PriA and Rep are required for cell viability following UV irradiation. (A) The survival of wild-type (□), priA2 (▼), priB302 (△), priC (■), rep (♢), and recA (●) cultures after UV irradiation at the indicated doses. (B) The survival of wild-type (□), priA2 (▼), and recA (●) cultures replotted on a different scale. Graphs represent averages from at least three independent experiments. Error bars represent one standard deviation. A comparison of the viability of all strains across a range of UV doses used is shown in Fig.
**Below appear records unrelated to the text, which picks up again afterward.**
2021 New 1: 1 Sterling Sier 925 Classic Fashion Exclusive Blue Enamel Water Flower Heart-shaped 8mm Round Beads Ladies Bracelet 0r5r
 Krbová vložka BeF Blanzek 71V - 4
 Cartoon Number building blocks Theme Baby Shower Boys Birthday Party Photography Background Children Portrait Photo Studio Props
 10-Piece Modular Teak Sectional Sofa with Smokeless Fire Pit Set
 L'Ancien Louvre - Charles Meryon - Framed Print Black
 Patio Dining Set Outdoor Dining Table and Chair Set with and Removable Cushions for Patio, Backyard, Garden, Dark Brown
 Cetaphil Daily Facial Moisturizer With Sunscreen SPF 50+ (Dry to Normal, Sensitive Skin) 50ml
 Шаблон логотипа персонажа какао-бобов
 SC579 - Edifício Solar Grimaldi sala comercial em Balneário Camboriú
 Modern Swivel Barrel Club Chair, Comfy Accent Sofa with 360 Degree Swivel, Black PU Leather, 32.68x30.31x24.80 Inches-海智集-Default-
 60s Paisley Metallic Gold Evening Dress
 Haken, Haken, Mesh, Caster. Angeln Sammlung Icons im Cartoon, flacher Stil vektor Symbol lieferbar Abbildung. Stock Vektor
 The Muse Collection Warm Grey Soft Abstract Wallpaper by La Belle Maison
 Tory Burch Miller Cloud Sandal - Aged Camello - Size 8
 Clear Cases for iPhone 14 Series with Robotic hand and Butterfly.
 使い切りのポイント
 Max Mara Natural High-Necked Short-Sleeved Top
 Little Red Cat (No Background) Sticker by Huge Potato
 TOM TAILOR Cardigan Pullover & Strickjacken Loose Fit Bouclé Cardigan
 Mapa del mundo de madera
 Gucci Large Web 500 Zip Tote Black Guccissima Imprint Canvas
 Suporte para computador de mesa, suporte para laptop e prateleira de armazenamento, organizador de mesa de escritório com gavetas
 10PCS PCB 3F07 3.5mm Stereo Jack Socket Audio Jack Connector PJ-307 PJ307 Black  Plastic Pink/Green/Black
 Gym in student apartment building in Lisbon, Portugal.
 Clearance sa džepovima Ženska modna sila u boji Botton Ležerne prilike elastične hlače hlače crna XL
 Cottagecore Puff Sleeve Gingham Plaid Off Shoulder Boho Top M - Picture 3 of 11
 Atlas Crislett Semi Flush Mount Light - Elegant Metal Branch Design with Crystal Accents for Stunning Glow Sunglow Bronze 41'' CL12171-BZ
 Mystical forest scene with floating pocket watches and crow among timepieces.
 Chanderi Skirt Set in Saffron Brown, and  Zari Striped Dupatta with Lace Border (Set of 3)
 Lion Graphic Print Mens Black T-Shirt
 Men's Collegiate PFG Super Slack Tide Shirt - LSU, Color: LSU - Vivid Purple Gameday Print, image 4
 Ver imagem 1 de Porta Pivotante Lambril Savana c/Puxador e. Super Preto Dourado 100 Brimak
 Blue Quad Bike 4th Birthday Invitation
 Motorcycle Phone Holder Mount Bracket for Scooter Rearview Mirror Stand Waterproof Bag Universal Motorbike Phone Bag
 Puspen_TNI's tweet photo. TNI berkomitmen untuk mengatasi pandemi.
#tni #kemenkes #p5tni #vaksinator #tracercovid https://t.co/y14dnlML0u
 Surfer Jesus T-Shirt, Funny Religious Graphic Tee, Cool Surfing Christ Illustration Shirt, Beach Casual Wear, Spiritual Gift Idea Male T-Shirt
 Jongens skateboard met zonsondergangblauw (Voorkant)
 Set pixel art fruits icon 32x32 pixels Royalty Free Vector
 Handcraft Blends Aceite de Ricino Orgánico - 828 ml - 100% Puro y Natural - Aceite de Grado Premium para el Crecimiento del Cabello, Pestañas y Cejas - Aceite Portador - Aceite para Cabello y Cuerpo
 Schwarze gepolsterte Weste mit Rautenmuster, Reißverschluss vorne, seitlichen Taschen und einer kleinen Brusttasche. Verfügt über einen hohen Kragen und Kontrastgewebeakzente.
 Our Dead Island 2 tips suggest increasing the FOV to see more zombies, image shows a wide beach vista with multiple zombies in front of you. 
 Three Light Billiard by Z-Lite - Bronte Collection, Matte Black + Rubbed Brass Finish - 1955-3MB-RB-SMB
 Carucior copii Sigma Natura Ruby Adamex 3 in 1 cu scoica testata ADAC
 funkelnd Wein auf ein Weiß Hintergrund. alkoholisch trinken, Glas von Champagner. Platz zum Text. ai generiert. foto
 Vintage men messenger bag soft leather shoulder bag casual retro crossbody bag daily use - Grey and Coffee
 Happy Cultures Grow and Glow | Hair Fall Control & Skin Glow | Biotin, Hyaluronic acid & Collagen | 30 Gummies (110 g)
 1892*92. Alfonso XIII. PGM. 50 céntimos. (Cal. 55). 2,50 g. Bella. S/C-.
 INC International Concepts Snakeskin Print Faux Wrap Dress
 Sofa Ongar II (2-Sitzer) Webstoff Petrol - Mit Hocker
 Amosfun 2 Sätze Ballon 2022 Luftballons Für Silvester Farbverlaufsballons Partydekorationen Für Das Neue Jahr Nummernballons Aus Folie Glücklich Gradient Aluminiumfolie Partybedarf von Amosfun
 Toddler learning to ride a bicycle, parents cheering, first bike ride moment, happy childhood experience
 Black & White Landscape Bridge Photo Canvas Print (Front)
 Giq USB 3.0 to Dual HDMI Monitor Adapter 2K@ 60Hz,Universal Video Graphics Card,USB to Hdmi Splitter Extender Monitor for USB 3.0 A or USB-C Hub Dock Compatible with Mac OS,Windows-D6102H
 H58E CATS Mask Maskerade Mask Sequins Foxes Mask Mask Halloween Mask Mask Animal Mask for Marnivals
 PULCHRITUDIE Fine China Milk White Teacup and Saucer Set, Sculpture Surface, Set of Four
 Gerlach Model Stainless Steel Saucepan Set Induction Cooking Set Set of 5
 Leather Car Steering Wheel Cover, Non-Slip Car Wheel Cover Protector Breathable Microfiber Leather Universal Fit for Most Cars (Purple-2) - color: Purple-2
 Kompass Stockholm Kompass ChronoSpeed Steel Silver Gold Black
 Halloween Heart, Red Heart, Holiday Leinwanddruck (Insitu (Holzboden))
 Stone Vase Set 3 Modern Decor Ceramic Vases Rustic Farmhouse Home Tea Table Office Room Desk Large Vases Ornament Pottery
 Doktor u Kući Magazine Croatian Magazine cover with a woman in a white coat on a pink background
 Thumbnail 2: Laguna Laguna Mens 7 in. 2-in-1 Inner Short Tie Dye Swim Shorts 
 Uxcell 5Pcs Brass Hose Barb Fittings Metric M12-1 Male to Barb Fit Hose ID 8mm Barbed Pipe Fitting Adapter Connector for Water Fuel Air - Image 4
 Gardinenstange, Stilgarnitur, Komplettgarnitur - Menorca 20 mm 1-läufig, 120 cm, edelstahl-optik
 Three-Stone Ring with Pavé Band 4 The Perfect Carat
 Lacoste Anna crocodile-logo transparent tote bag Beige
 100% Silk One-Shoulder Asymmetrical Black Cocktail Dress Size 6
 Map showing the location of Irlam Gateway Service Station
S2 in the supplemental material.

Fig 5

PriA is required for robust growth in the absence of DNA damage. (A) The OD₆₀₀ of wild-type (□), priA2 (▼), priB302 (△), priC (■), rep (♢), and recA (●) strains is plotted over time. (B) The number of viable cells in overnight cultures of wild-type, recA, priA2, priB302, priC, and rep strains is indicated in CFU × 10⁶/ml and CFU × 10⁶/OD.

Fig 6

Two models for primosome and Rep function following disruption by DNA damage. (A) A model proposing that PriA and Rep function specifically to reinitiate DNA synthesis following disruption events. (i) Following the disruption of the replication machinery (grayed circles) by DNA damage (∧), (ii) PriA or Rep functions in a reaction to transiently load DnaB and DnaG to prime the leading strand and then (iii) stably load DnaB and DnaG on the lagging strand (22, 27). (iv) The leading-strand primer allows for the de novo formation of an active replisome downstream from the site of disruption. (B) A model in which PriA and Rep are required by the replisome to maintain efficient replication. (i) Following disruption by DNA damage, the recovery of DNA synthesis requires that the lesion is either repaired (ii) or bypassed (iii) by translesion synthesis (not shown), as found in previous studies (13). (iv) Since PriA and Rep are needed to maintain replication in the absence of damage, PriA and Rep would also be required for an active replisome to be maintained once the replisome is reestablished and DNA synthesis resumes.